Andrew Philip Sep 2018
Look at them all,
Falling in love
The way young people do;
Walking toward each other
On a bedsheet
Tight rope
Between two towers
While wearing
sparkling red
High heels.
Andrew Philip Sep 2018
For some awfully
Long time now
I’ve felt like
A blind man
Playing tennis,
Listening for the ball
To bounce in front of me
And swinging with all
Of my might
Hoping to hit it back away.
And while it’s away
I’ll have peace
Until I hear
The ball bounce
Before me again.
It’s just that when
It passes me
I feel like I’m losing.

Last night I saw something
Very clearly
For the first time in a while.
It was her and I
Woven together
Like a basket
Made of sand-sized
Stars.
I heard the bounce
And stood as still as I ever have.
I feel like I’ve won.
Andrew Philip Jul 2018
I wonder if the spider
is less lonely
with a fly in its web.
I wonder if the fly
is less lonely
in the spider’s web.
I’d like to think
they are less lonely,
just for a moment,
before the feast
in a world
where you die
if you don’t eat;
in a world
where you might be
tonight’s special,
served on a webbed plate.
Andrew Philip Mar 2018
It's the warmest day of the winter
here in Denver,
and I enjoy wearing a blue
short sleeved button up
with strange patterns
that I found at the thrift store
that belonged to some man
before it belonged to me.

I wonder how different we are.
I wonder how similar we are.

I wonder if he'd ever crawled
inside one of the great pyramids,
only to find a small room
that people slaved and died over,
once occupied by a king
who is no longer there
and was replaced by
cool, wet air
that smells like
some tourist
who forgot to wear
deodorant that day.

Maybe he'd have quit
smoking cigarettes by now.
Maybe he'd have never started
in the first place.

Maybe he would run out of breath
when introduced to olive eyes
complimented by olive overalls
and constellations of freckles
that spelt out the words
to the greatest poem
he'd ever read,
along with the letters
of his name.

Maybe he'd worn black jeans,
along with that same shirt,
that grilled his legs
medium rare.
Maybe they stayed rare.
Maybe they stayed moving.
Maybe they didn't.

Maybe that man
had spilt a bag of *******
on this shirt.
Maybe that's why my heart hummed
to the tune of Etta James' "at last"
the first night I wore that shirt
across the table from those
olive eyes.

Maybe that man didn't give a ****,
maybe he understood how silly
it would be
to glue fallen leaves
back on their branches in November.

Maybe that man was a brilliant idiot,
who really didn't give a ****,
and knew how silly it wasn't
to glue fallen leaves
back on their branches in December.

Maybe he said,
"**** the neighbors, watch me glue these leaves
only when you get tired of the news on T.V."
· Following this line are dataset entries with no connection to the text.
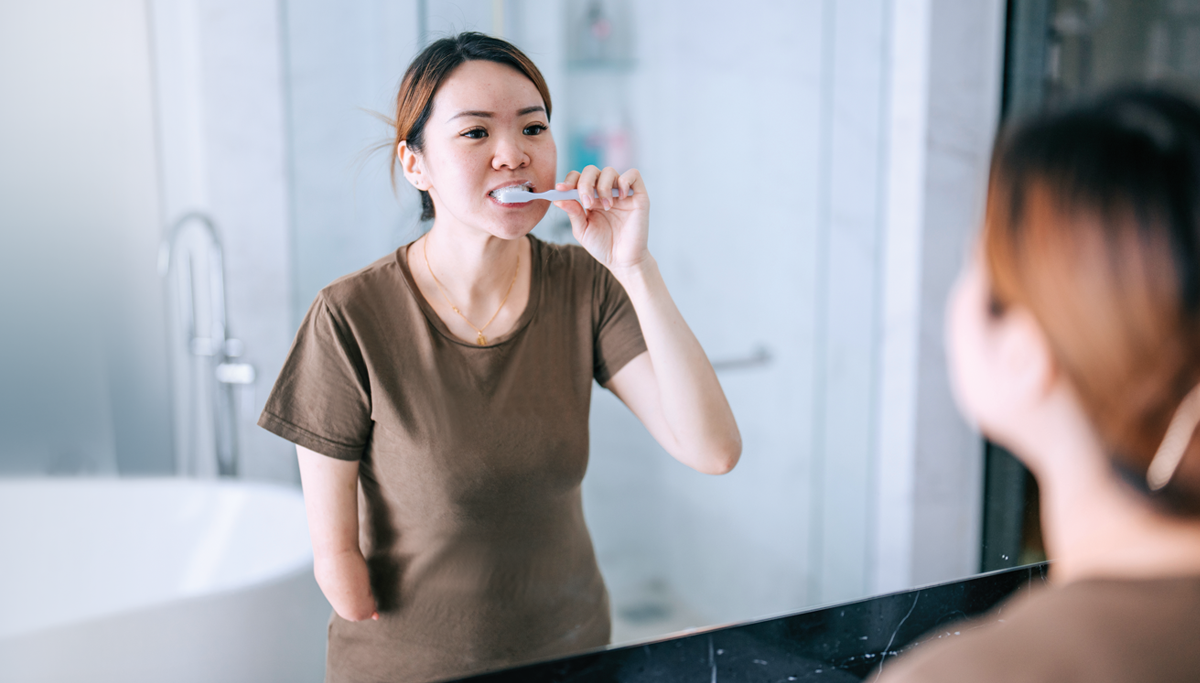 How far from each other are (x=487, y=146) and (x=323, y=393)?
0.24 m

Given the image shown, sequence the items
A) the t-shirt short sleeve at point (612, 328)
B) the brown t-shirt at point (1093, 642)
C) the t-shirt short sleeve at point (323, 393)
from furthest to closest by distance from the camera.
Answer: the t-shirt short sleeve at point (612, 328)
the t-shirt short sleeve at point (323, 393)
the brown t-shirt at point (1093, 642)

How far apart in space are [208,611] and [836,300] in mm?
1036

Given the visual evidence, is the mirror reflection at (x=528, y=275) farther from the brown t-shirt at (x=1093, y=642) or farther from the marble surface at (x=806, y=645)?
the brown t-shirt at (x=1093, y=642)

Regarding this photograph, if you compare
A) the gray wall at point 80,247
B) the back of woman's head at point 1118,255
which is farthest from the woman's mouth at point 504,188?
the gray wall at point 80,247

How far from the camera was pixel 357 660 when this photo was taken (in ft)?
2.34

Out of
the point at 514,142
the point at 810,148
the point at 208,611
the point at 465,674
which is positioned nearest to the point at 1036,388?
the point at 514,142

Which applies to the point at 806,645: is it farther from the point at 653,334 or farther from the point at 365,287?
the point at 365,287

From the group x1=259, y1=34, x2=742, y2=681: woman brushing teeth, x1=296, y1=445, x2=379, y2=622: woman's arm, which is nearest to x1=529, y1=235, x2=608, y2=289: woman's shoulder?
x1=259, y1=34, x2=742, y2=681: woman brushing teeth

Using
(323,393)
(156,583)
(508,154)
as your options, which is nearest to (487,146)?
(508,154)

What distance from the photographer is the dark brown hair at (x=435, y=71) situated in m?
0.65

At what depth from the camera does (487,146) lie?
647 mm

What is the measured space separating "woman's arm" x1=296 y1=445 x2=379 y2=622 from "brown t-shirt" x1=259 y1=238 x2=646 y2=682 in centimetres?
1

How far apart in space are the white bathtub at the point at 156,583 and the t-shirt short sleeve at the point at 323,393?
0.63 feet

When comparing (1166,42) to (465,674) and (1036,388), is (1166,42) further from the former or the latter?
(465,674) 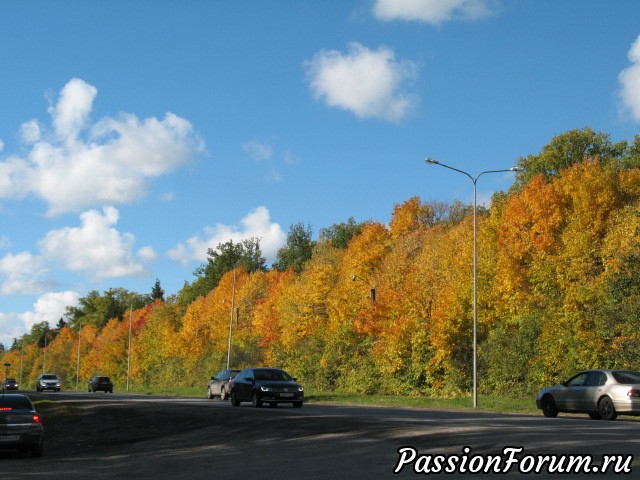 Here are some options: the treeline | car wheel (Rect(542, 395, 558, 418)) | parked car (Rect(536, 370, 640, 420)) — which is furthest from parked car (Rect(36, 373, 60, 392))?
parked car (Rect(536, 370, 640, 420))

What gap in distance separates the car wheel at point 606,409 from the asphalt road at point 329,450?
5.11m

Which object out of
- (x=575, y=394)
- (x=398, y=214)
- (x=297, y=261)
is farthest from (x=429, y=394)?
(x=297, y=261)

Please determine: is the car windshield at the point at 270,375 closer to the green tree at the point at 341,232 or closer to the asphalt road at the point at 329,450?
the asphalt road at the point at 329,450

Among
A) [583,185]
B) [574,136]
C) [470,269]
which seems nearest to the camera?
[583,185]

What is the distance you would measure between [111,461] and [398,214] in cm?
5391

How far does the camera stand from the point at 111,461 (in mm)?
20234

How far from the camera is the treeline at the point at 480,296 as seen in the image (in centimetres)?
4406

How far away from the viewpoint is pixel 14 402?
70.5 ft

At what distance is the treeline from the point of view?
4406 cm

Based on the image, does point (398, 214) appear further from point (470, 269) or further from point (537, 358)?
point (537, 358)

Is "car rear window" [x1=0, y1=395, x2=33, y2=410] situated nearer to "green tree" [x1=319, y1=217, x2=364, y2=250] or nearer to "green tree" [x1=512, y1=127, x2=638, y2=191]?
"green tree" [x1=512, y1=127, x2=638, y2=191]

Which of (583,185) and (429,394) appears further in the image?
(429,394)

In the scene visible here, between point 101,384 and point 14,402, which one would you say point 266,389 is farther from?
point 101,384

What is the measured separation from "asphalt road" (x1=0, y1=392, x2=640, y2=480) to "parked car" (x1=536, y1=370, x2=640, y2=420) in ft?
15.7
If you want to know what's happening to the world
don't just watch the news every night.
Watch what happens to yourself
after watching the news every night.

Maybe that man's thoughts
moved like gravel
under steel toed boots.

Maybe the moon moved that man,
the way it moves the tides to higher grounds
and brings life to those hot evaporating pools
where an octopus
contemplates leaving,
only by way of
scorching sun baked lava rock
and air that he can't breathe.

It's all for a better life,
isn't it?

Maybe that man
was a house with one small window
with a view of his well earned
green lawn
and white picket fence.

Maybe there were no windows
and he was a cactus
somewhere it rarely rained,
to his own delight and misery.

Maybe he figured out
that the only things that break our hearts
are the things we are willing
to let inside of them.

I'm eating apple pie right now,
and it's one of the few things
I have enjoyed this week.
Most people like apple pie,
including myself.
And maybe he does too.
Maybe that matters.
Most likely it doesn't.

Either way.
We've worn the same shirt
and it's a nice day out.
Andrew Philip Mar 2018
now it's just a tree,
then it was so much more
than just a tree.
i've been trying like hell
to get back on that street,
and in moments like these
i feel i'm getting
closer.
rain and garbage cans
full of beer cans,
fresh cut lemon
and a dog
of many homes.
a sister who said
it was always as
simple as our mother
told us;
some days I don't believe it
and live for the days
when I wholeheartedly do.
that rain on those beer cans
is the best show
i've seen
all year,
and the dog applauds
with his tail.
Andrew Philip Mar 2018
Life is a perpetual act
of learning and unlearning.
I remember the wisest
I've ever been.
I didn't know it then.
Intoxicated skies
where stars would spin.
We had smoke shadows.
We would two step
on curled boards
and swim with catfish
as the river ran,
as it always did
and someday
no longer will.
We put our bones
into motion
while the rest of life
was innocently
still.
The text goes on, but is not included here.